Comparando ambos sistemas de clasificación y dejando al margen otras discrepancias que aluden al carácter innovador (DSM III) o más tradicional (ICD-9) de los principios teóricos que subyacen en cada uno (Hiller et a/., 1989), parece que, respecto al trastorno obsesivo-compulsivo, los dos guardan una gran similitud en los aspectos descriptivos del síndrome, aunque difieren en cuanto a su ubicación en una determinado categoría diagnóstica.
El ICD-9 clasifica al TOC dentro de los trastornos neuróticos conjuntamente con las fobias, el trastorno de pánico y la depresión neurótica. Considera que la ansiedad es la característica fundamental en las fobias y el trastorno de pánico, mientras que en el resto de los trastornos neuróticos, incluido el TOC, la ansiedad es menos importante aunque pueda contribuir a que aparezcan ciertas alteraciones. En tanto que el DSM III-R sitúa el trastorno obsesivo-compulsivo entre los trastornos por ansiedad, independiente de las alteraciones afectivas o del estado de ánimo donde se incluyen los trastornos afectivos.
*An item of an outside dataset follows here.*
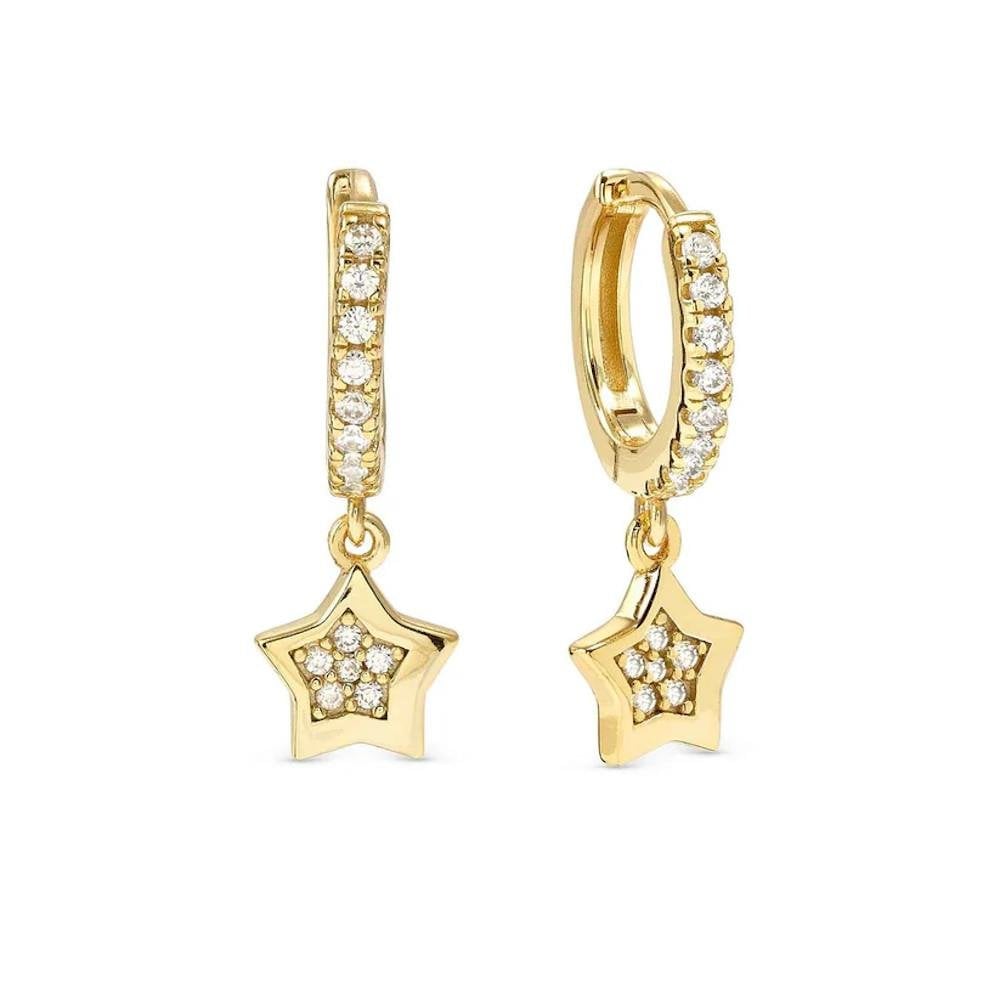 Petit Sparkle Yellow Gold Plated Star Cubic Zirconia Drop Earrings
En el momento actual la cuestión de si el TOC debe encuadrarse entre los trastornos de ansiedad, los afectivos (depresivos) o independientemente todavía no ha sido resuelta. Algunos autores consideran que el conocimiento acumulado hasta el momento es insuficiente para tomar una decisión, por lo que sugieren que serio más adecuado clasificar el trastorno separadamente (Gittelman, 1986; Gelder, 1989). Precisamente esta último alternativa es la que se encuentra recogida en el borrador del ICD-10.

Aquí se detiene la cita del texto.